Come ci ha ricordato Giancarlo Infante, la morte di Enrico Berlinguer – a sei anni dalla scomparsa di Aldo Moro – ha rappresentato, come fu per la Democrazia Cristiana appunto nel maggio ’78, uno spartiacque per i comunisti italiani e per il loro ruolo nella vita politico-istituzionale del Paese.
Berlinguer ha avviato il distacco del suo partito dal “servo encomio” al Moloch sovietico senza cadere in un “codardo oltraggio”.
Come era giusto che fosse, perche’ quando è necessario cambiare, si può e si deve farlo, ma senza mai sputare sulle proprie radici.
Ma il merito fors’anche maggiore è stato quello di disincagliare il PCI dalla stretta osservanza ideologica per tradurlo sul piano piu’ diretto di una politica che si gioca nella contingenza immediata del momento storico dato.
E’ il Berlinguer che riconosce apertamente il ruolo della Nato o che invoca la pura e semplice “buona amministrazione” come elemento strutturale importante dell’azione politica.
E’ il riformista autentico che, una volta per tutte, non pensa dogmaticamente, come da precetto, alla rivoluzione.
Del resto, cos’ è la “rivoluzione” se non l’approdo terminale di un lungo processo evolutivo e non è piuttosto qui che insistono e maturano le condizioni che pretendono una svolta radicale del corso della storia?
E’ quel che pensano, ad esempio, coloro che si riconoscono in una forza non ideologica, ma fondata su principi fermi che, dentro lo sviluppo quotidiano del processo storico, orientano e via via distillano valori e contenuti di un’ azione politica mai aleatoria, sempre radicata nel contesto sociale vissuto.
E’ il caso della Democrazia Cristiana e qui sta uno degli aspetti strutturali di fondo che hanno marcato la differenza tra le due grandi forze popolari della prima Repubblica.
Ed, infatti, non è sul piano di una marmellata para-ideologica, bensì sul terreno di posizioni ed idee “chiare e distinte” che, nella piena consapevolezza di ciò, convergono su un progetto politico condiviso che avviene l’incontro tra Moro e Berlinguer.
Purtroppo, sappiamo come tragicamente sono andate le cose.

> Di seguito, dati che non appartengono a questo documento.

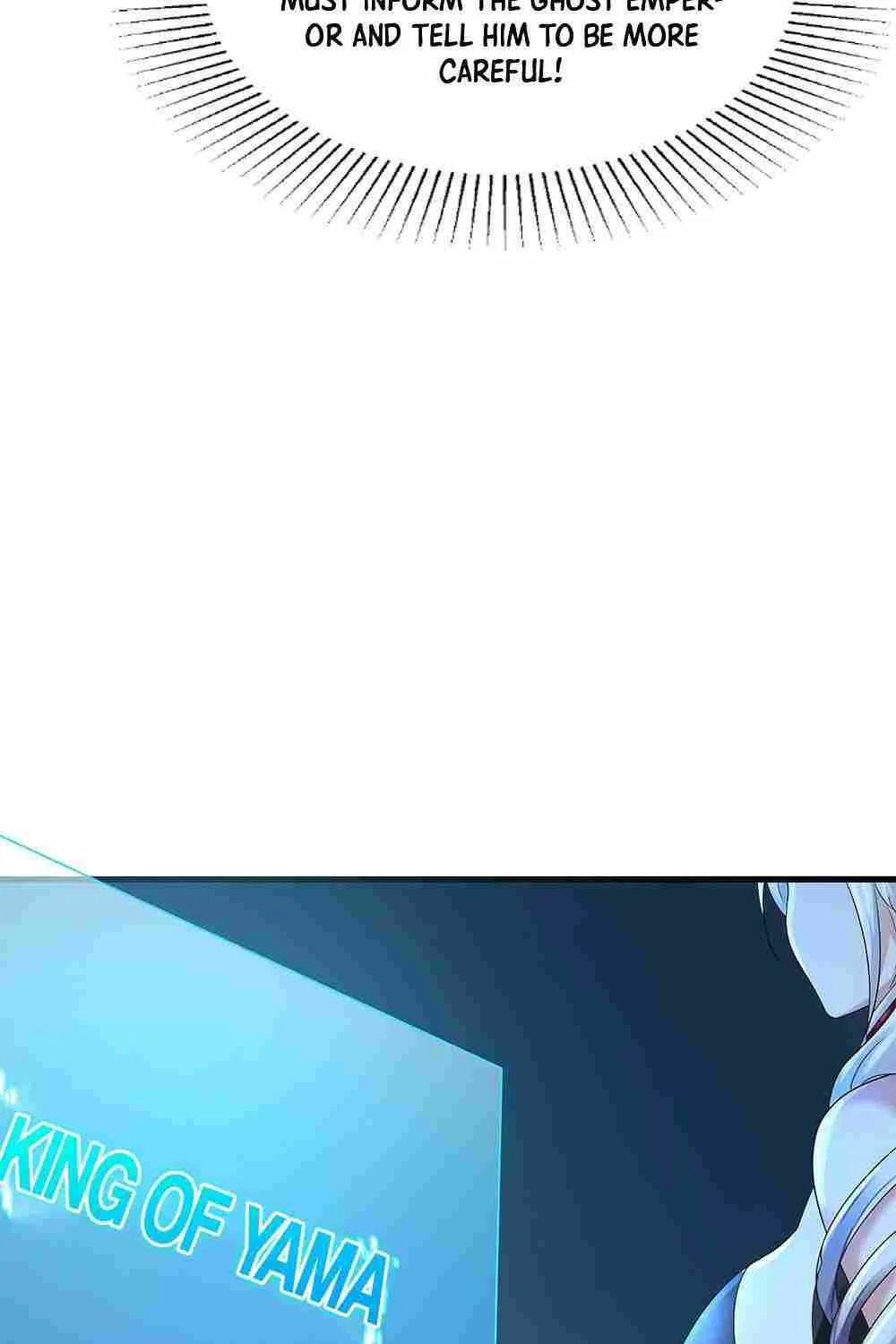 I Opened A Harem in Hell Chapter 2 page 19 -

In casa nostra. E poi in casa comunista dove, via via abbandonata la sponda marxista – a maggior ragione negli anni a seguire fino all’ 89 ed oltre – è, però, prevalsa l’inclinazione ad adattarsi ad una nuova ed alternativa nicchia ideologica che l’ha condotta ad assumere la fisionomia di una sorta di “partito radicale di massa” che poco o nulla ha da spartire con l’autentica vocazione popolare della tradizione comunista.
Varrebbe la pena, ad esempio, di ricordare – senonché si scivola troppo all’ indietro nel tempo e, comunque, non è qui il caso di dilungarsi – come, non a caso, la stessa legge sul divorzio era, a suo tempo, comunemente chiamata “legge Fortuna-Baslini” (radical-socialista l’uno; liberale l’altro) e venne adottata attraverso un percorso parlamentare che – per quanto fummo noi cattolici a soccombere – vide un confronto serrato ed a tratti anche un dialogo tra DC e PCI.
Il mondo e’ cambiato eppure ancora i nodi vengono al pettine.
I nodi che, ad esempio, riemergono in ordine alla legislazione sul “fine vita”, su altri argomenti a forte valenza etica, su temi che mettono in gioco ed impegnano la cultura fondativa, la “cifra” antropologica di ciascuna forza.
E’ del tutto illusorio sperare che anche a sinistra, anziché scivolare giù per la china di una rassegnazione nichilista, torni la memoria di quell’originario sentimento popolare che, pur declinato in opzioni politiche diverse, rifletteva una innata consapevolezza almeno per certi tratti condivisa ed una preoccupazione non del tutto dissimile in ordine al valore della vita?